BEGIN Data excerpt

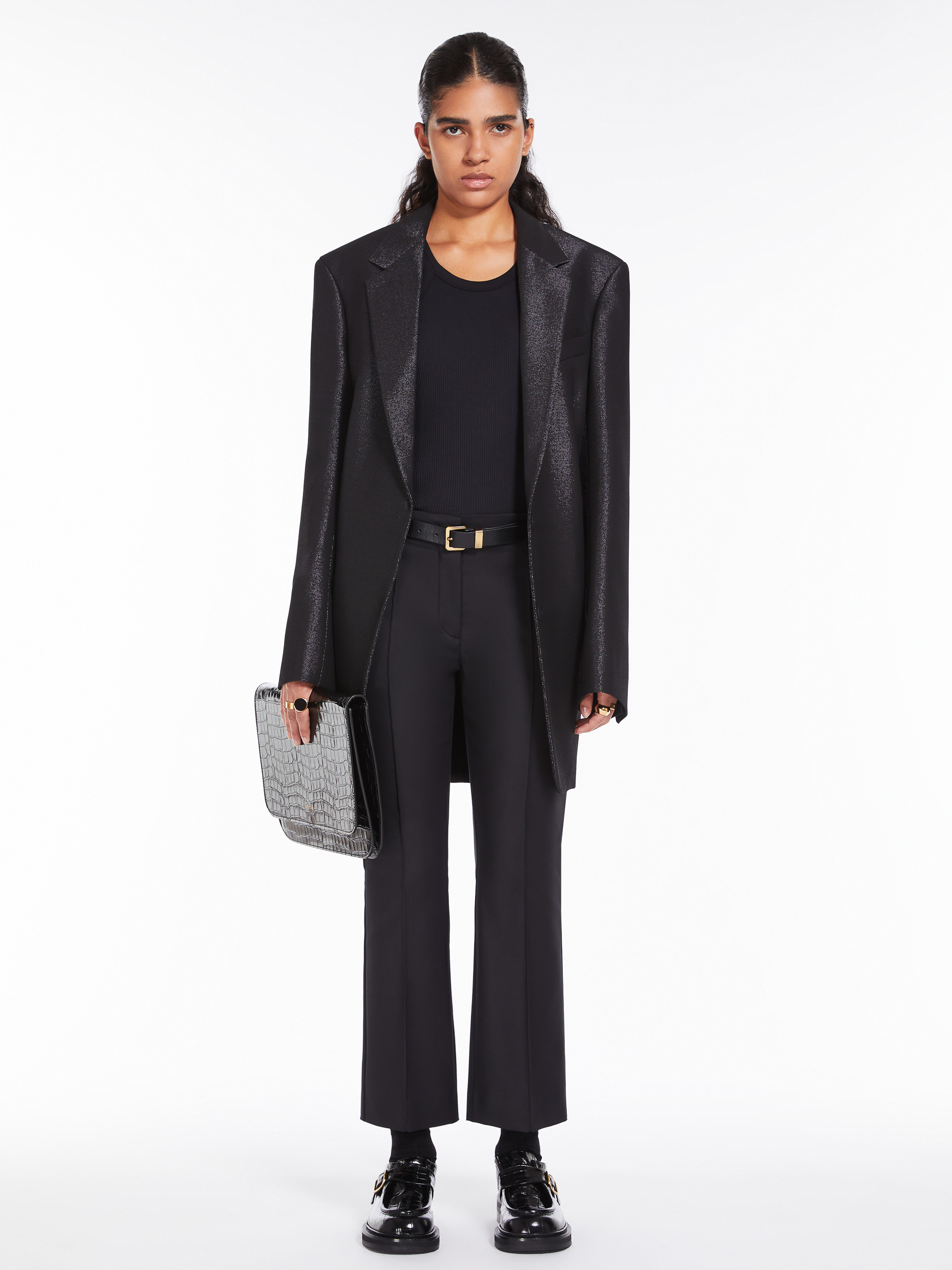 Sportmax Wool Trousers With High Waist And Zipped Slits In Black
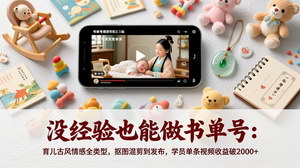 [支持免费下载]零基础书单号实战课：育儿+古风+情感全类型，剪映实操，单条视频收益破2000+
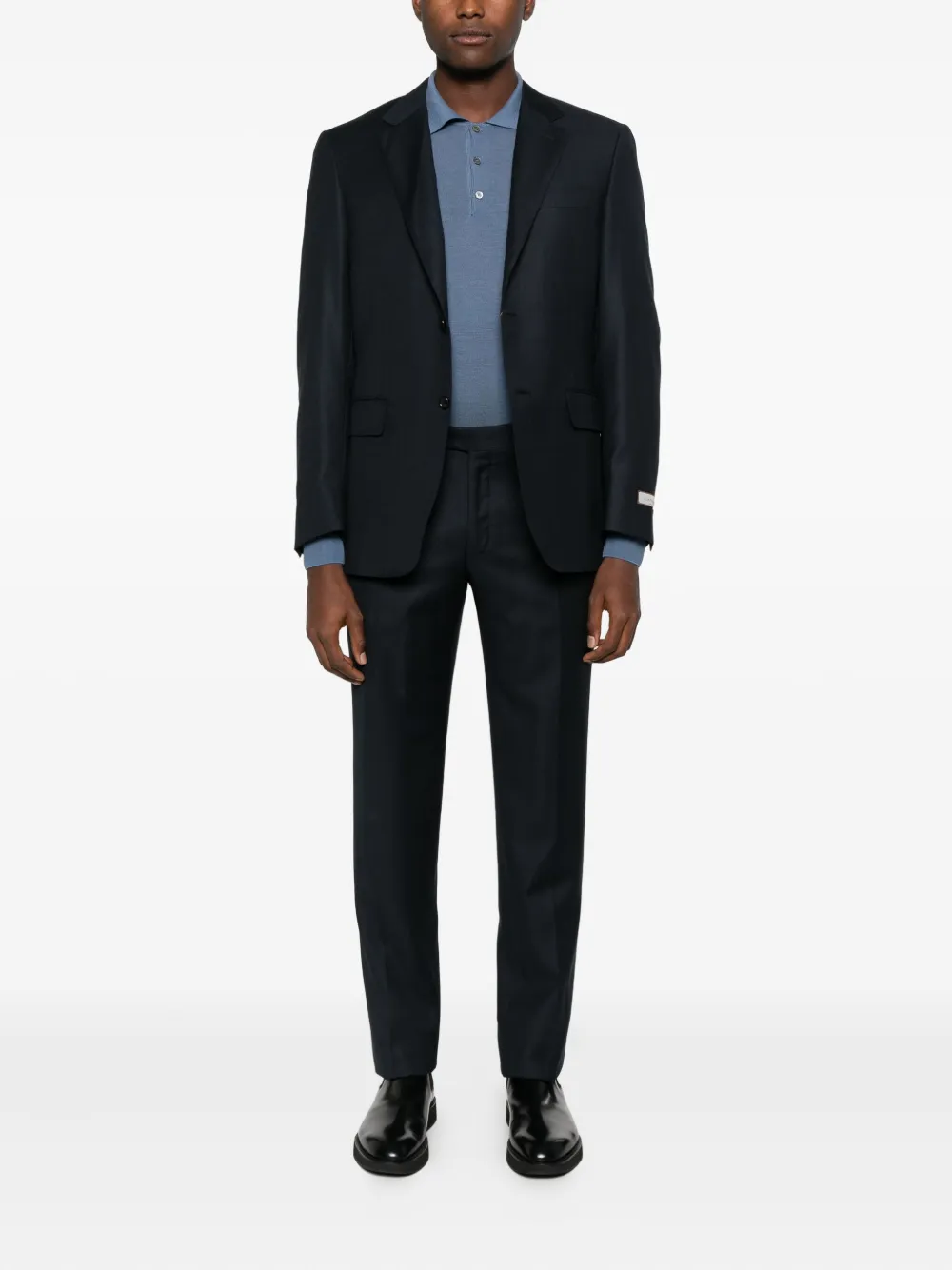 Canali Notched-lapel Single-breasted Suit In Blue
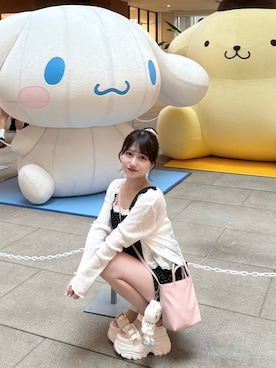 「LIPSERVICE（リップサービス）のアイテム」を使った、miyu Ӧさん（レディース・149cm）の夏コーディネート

END Data excerpt

● **Your assignment**: Down to the last line, set down the data above exactly, and omit all images.

● **Your response**:
 Sportmax Wool Trousers With High Waist And Zipped Slits In Black
 [支持免费下载]零基础书单号实战课：育儿+古风+情感全类型，剪映实操，单条视频收益破2000+
 Canali Notched-lapel Single-breasted Suit In Blue
 「LIPSERVICE（リップサービス）のアイテム」を使った、miyu Ӧさん（レディース・149cm）の夏コーディネート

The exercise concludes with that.